On top of that, “We transport them. We are the logistics arm of the cartels,” he continued. “Pre-Biden [administration], if a cartel had been contracted to bring somebody and smuggle them into the country, they actually had to get them to the location. That doesn’t happen anymore. They just have to get them to the border. Because if you get them to the border, this administration will grant them parole status … and we will transport them wherever they want to go.”

This border transportation pipeline is entirely separate from the CBP One app, which the Department of Homeland Security created without congressional authorization, Biggs observed. The app offers free air flights into the U.S. to residents of four troubled nations — without even the hassle of securing transport to the southern border. The four nations so favored by the Biden administration are Cuba, Haiti, Nicaragua, and Venezuela. By the way, does anyone want to guess how a Venezuelan gang managed to slip into the United States?

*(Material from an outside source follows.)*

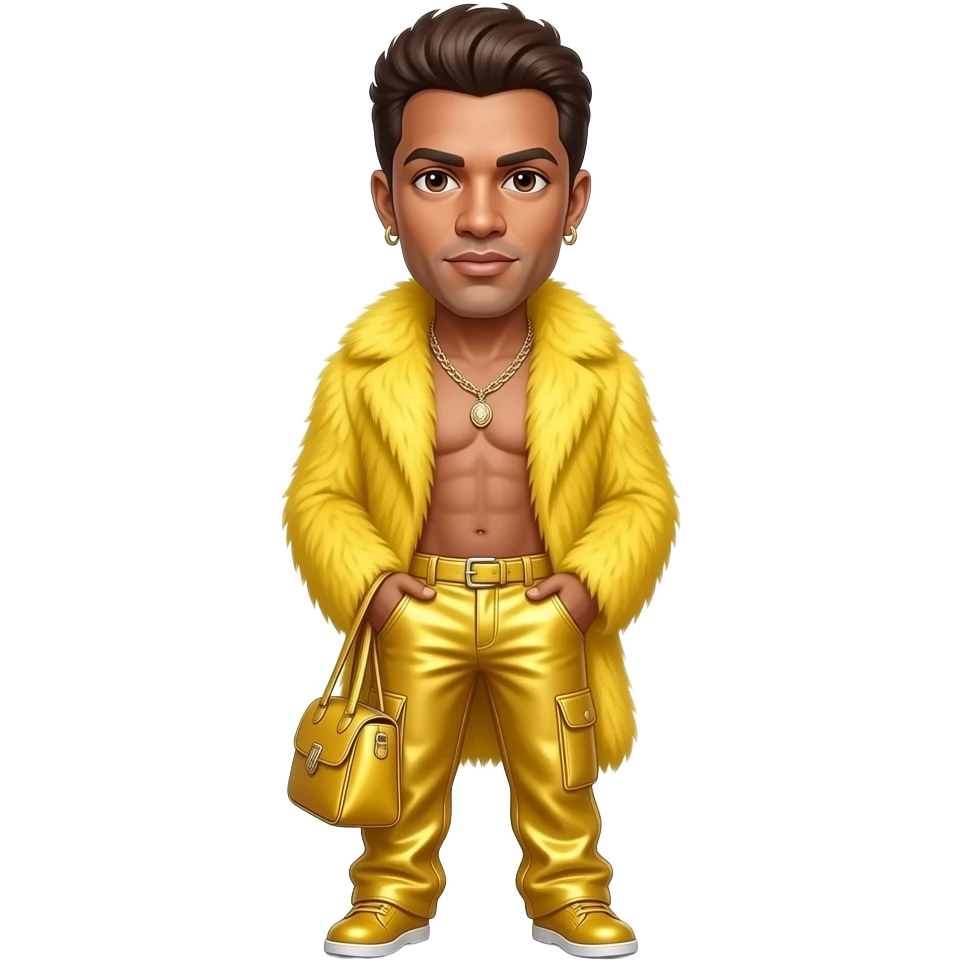 George Michael from Bone Thugs-N-Harmony with hazel eyes, brown hair, canary yellow fur shawl, canary yellow metallic baggy pants, shirtless with necklace and earrings emoji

All this misbehavior on the part of the Biden administration raises a question Biggs has been asking for years: “Where are they getting the money?” The answer Biggs encountered repeatedly was that the money was “coming from FEMA,” he said. “And so we’ve known about this for quite some time.”

Under the Biden-Harris administration, the Federal Emergency Management Agency has spent more than $1 billion “to resettle migrants into this country,” said Perkins, “yet now they’re crying, ‘Congress has to come back because we’re out of money [for hurricane relief].’ … It’s not a lack of resources. It is [a lack of] competency.”

None of this federal malfeasance is what the American people want or what their elected representatives approved. In fact, the Biden-Harris administration is “violating the law every time they grant a parole status, because they’re doing it on a collective basis, and that law was meant to provide on a singular, case-by-case, unique basis,” Biggs argued.

For ideological, political, or strategic reasons, the Biden-Harris administration has pursued a policy of importing illegal immigrants as fast as possible, without legislative authority and without performing what should be commonsense vetting. “They’ve released these people into the country — literally millions of people,” said Biggs. “And, of those millions, hundreds of thousands of them are criminals.”

Is it really too much to ask the federal government to not help violent criminals enter the country, who will exploit America’s justice system and terrorize America’s citizens?

In a recent exchange with vice presidential candidate J.D. Vance (R), ABC News anchor Martha Raddatz tried to minimize the issue of violent crime committed by gangs of illegal immigrants, saying, “I know exactly what happened. I’m going to stop you. The incidents were limited to a handful of apartment complexes.” Vance responded, “Only, Martha? Do you hear yourself? Only a handful of apartment complexes were taken over by Venezuelan gangs …? Americans are so fed up with what’s going on, and they have every right to be.”

Joshua Arnold is a senior writer at The Washington Stand.